Living in the idyllic English countryside in 1976, Sally is haunted by her experiences during the Second World War. She also suspects someone is trying to kill her. With mounting fear, Sally confides with her daughter Ruth; a woman struggling with her own past. Sally drops a bombshell. She is actually Eva Delectorskaya, a Russian émigré recruited as a spy by the British prior to the Second World War. For the past thirty years, Eva has led a second life hiding from the ghosts of her past.
Eva reveals her secret to her daughter through a series of written chapters for a planned book. As Ruth delves into her mother’s writing, she learns the shocking truth. Eva was recruited in Paris prior to the Second World War, following the death of her brother Kolia; also a British spy. Taught by an enigmatic spymaster named Lucas Romer, Eva learned the art of espionage and was made part of a unit specializing in media manipulation. Above all, she was taught ‘Rule Number One’ of spying: trust no one — a rule broken when she and Romer began a dangerous love affair. The affair had tragic consequences.

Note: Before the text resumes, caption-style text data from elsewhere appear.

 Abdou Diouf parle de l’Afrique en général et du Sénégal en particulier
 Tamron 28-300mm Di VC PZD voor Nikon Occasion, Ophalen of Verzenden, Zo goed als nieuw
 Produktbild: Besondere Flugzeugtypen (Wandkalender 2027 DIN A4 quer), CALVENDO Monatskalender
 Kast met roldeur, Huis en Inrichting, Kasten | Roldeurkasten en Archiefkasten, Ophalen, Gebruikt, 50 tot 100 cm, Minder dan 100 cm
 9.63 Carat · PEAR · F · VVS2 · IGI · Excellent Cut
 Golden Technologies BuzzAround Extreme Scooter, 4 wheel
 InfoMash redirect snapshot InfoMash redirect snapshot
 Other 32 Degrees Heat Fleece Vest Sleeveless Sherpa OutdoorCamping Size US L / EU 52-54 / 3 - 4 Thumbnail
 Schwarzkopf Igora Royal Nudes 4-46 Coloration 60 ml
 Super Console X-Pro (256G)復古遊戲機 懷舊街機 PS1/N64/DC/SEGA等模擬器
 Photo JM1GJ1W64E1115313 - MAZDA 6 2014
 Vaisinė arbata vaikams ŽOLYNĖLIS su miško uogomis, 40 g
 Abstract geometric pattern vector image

In 1941, Eva and Romer were assigned to the United States. They were given the task of manipulating the American media into motivating the public to support entry into the war on the Allied side. While in New York, Eva’s affair with Romer set in motion events that culminated in her betrayal and her flight from the British Secret Services. She found eventual refuge in a new life as Sally Gilmartin.
Thirty years later, Eva’s identity unravels with her confession to her daughter. Ruth struggles with the truth, and her own recent past fills her with self-doubt and insecurity. A failed relationship in Germany resulted in a son and an eventual return to England. Her mother’s confession leads Ruth to the realization that her mother is entangling her in one final mission — a showdown with Eva’s past betrayer.
Restless twists and turns through the double life of one remarkable woman. Through Eva’s life, William Boyd asks the intriguing question — How well do we truly know someone?